Si elle avait espéré rejoindre leur rang, Haven ne pouvait maintenant que rire d'avoir pensé que cela aurait pu être possible. Rien ne pouvait être plus opposé que les Examinateurs et son statut de criminel.

Haven pensa à son frère et au fait que l'accès au procès lui avait été refusé. Personne lui avait donné de raisons mais elle imagina qu'un mineur ne pouvait pas rentrer dans la salle d'audience sans un représentant légal. Sa représentante était bien présente dans la salle mais pas dans la bonne chaise. L'ironie de la situation aurait pu la faire rire. 

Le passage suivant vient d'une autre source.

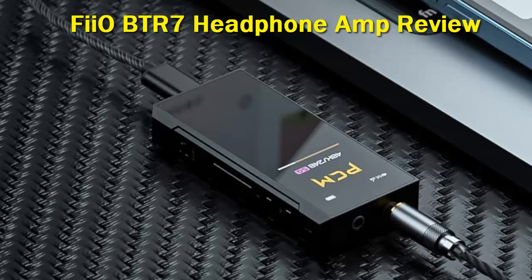USB mode is also a lot more friendly to use on the BTR7, with its streamlined dongle mode. The BTR7 can decode lossless data through PCM at 384 kHz and native DSD256.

Trois coups de marteau résonnèrent dans la salle. Son regard bascula sur le juge et elle eut le temps d'apercevoir les mots « crime de tromperie envers le Système : coupable » disparaître lentement. Deux mains agrippèrent chacun de ses bras alors que l'homme prononçait la clôture du procès d'un mouvement dramatique de son marteau. Les deux policiers la trainèrent vers une porte dérobée qui se trouvait derrière l'estrade où se tenait le juge.

Dans son dos, elle entendit les journalistes se bousculer pour prendre des photos. Elle les imagina comme des rapaces se battant pour réclamer le morceau d'une carcasse fraiche. Ils avaient besoin d'immortaliser le moment pour pouvoir illustrer les articles qui feraient la une de tous les sites d'informations dans les heures à venir. Haven pouvait déjà imaginer les gros titres : « Le procès du siècle » ou encore « La traitre condamnée ».

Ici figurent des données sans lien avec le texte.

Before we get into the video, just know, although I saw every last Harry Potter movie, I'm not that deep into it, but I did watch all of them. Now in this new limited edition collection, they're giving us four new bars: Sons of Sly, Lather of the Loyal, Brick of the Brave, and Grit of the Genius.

Elle se demanda quelles expressions avaient été capturées par les journalistes – si l'immense vide qu'elle ressentait au creux de son estomac se reflétait également sur les traits de son visage. Elle baissa alors la tête comme si elle avait été frappée par cette constatation. Affronter fièrement le verdict n'avait rien changé : son sentiment de culpabilité envers le Système était toujours aussi fort et présent. Des larmes lui montèrent aux yeux et elle réprima un sanglot. Elle voulait qu'on la prenne dans ses bras, que quelqu'un la console comme un parent consolerait son enfant. Mais elle n'avait plus de parents, plus aucune personne pour lui passer une main dans le dos et lui murmurer que tout irait bien.

Ils sortirent de la salle sous les cris de joie et les cliquetis des appareils photos. Ils marchèrent pendant ce qui lui sembla être de longues minutes.

— Arrête-toi là, dit l'un des deux policiers.

Une porte en métal se dressait devant elle, aucune plaque ne pouvait lui indiquer où elle menait.

— Cinq minutes, pas plus.

Le policier ne lui laissa pas le temps de répondre et la poussa dans la pièce une fois la porte ouverte. Elle manqua de tomber alors que son esprit cherchait qui était la personne dans ce pays qui souhaitait encore la voir. L'envie de rire lui chatouilla la gorge quand elle se rendit compte qu'il n'existait qu'une seule personne qui remplissait ce critère.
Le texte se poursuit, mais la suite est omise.